先日、日経新聞の野坂昭如氏の“8、15からの眼差し”を読み、感じいるものがあった。彼は自分のことを“ぼく”と表現しているのである。野坂氏というと“蛍の墓”である。さくまドップのカンと妹の死、夏の暑さと蛍と夏の火(妹が火葬される)その謙虚さとは別に“野坂”氏とは自分の弱さを見せないように(?)いつもメディアの前では強がっていた。しかし、80歳になった彼は、自分のことを“ぼく”という。ぼくは、この文章をショパンの“幻想即興曲”を聞きながら、読んでいた。どこまで自分に素直になれるのか?人生を謙虚に生きるのはとても難しいことである。

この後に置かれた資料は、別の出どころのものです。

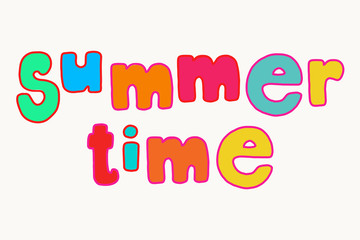 Bright Summer time lettering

家に帰ると“ドマン”のおじさんから手紙が来ていた。今年も夏も冬も“カルピス”である。そのお礼状である。ぼくは、おじさんに仲人をしてもらったのが自慢である。おじさんは、癌ですでに3年間も戦っている。ぼくに対して、友人と書いてある。私は、おじさんの友人ではなく、おじさんの生徒である。世の中を教えてくれたのは、おじさんですべての人と話せるように訓練したのもおじさんの忠告があったからこそだ。そのおじさんが、死にそうだ。
長崎に住んでいた。多くの人が死んだ夏。悲しい夏の終わりには、空の色が黄色くなっていく。ぼくは、カルピスを飲みながら、自分の死を想う。正法眼蔵を読むがそこには何もない。あるのは“ぼく”だしないのも“ぼく”である。